Terör örgütünün çözüm sürecini, hazırlık süreci olarak kullandığını dile getiren Erdoğan, "Niye rahatsız oluyordu acaba bu terör örgütü? Neden acaba bu terör örgütü Türkiye'de kendisini temsil edecek birilerini arıyordu? "Siyasette bizim de yerimizin olması lazım." Buyurun olsun. Mani olan yok. Siyasete önce bağımsız girdiler, sonra grup kuracak çoğunluğa sahip oldular. Parlamentoya girdikten sonra bu hal nedir? Bu terör örgütünün bu milletten alıp veremediği nedir? Dikkat ederseniz; Güneydoğu'da, Doğu'da, ülkemizin değişik yerlerinde yapılan bu terör eylemleri milletimizi ciddi manada rahatsız ediyor. Devlet can ve mal güvenliğini korumak durumundadır. Bunun için de alınması gereken tedbirleri alır. Çözüm süreci içerisinde valilerimiz kendilerine verdiğimiz talimatlar gereği, ciddi manada bu terör örgütlerine karşı şuandaki operasyonlara girmiyorlardı. "Belki kendilerine çeki düzen verirler, belki bu şekilde devam etmezler." Ama maalesef kendilerine çeki düzen vermediler. Tam aksine bu süreç içerisinde ne yazık ki bir hazırlık safhasının içerisine girdiler. Yani bundan önceki yaşadığımız 7 Haziran seçimlerinde bunu gördük. Doğu'da, Güneydoğu'da bunu gördük" diye konuştu.

"LAFA GELDİĞİ ZAMAN SAZ, LAFA GELDİĞİ ZAMAN CAZ"

Terör örgütünün halkı tehdit ederek kendi desteklediği siyasi partiye oy topladığını vurgulayan Erdoğan, "Seçim güvenliği noktasında alınan bütün tedbirlere rağmen, terör örgütü orada sızma hareketlerini yapmak suretiyle, başta muhtarlar olmak üzere belli yerlere belli tehditlerini yapmak suretiyle, oradaki sandık kurullarında kurdukları otoriteyle birçok yerde, köylerde, mezralarda, mahallelerde tehditle kendi destekledikleri siyasi partiye oy topladığını tespit ettik. Nitekim son zamanlarda ekranlarda görüyoruz; Kandil'deki terör örgütünün ileri gelenlerinin ne tür mesajlar verdiklerini görüyoruz. Bunların hepsi birer sinyaldir. Ben şimdi bu olayları dışarıdan seyreden aziz milletime diyorum ki: Buralarda bizim çok hassas, çok dikkatli olmamız lazım.
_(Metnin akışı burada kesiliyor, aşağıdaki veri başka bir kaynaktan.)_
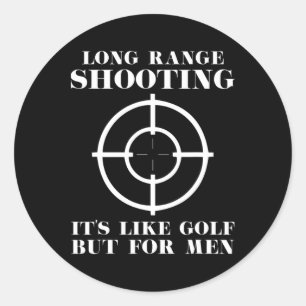 Scherpschieten over lange afstand Het is als golf Ronde Sticker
Bunlar ne için bu yolları seçiyorlar. Bu ülkede birlik, beraberlik, barış, huzur istiyorlarsa; bu yola niçin başvuruyorlar? Vatandaş sandığın yolunu bilmiyor mu? Bırakın vatandaş sandığa istediği gibi gitsin. İstediği partiye oyunu rahatlıkla, huzur içinde versin. Bir tarafta elinde silahı, diğer tarafta bakıyorsunuz tehdidi… Nereye oy vereceğini biliyor, aksi taktirde diyor ki, "o mezranın, o köyün akıbeti meçhul." Böyle bir demokrasi, seçim ahlakı olabilir mi? Lafa geldiği zaman saz, lafa geldiği zaman caz, öbür taraftan da bakıyorsunuz ki şehitlerin maalesef ağlayan anası, babası ve vatan" ifadelerini kullandı.

"DEVLET CİZRE'DE ATILMASI GEREKEN ADIMLARI ATTI"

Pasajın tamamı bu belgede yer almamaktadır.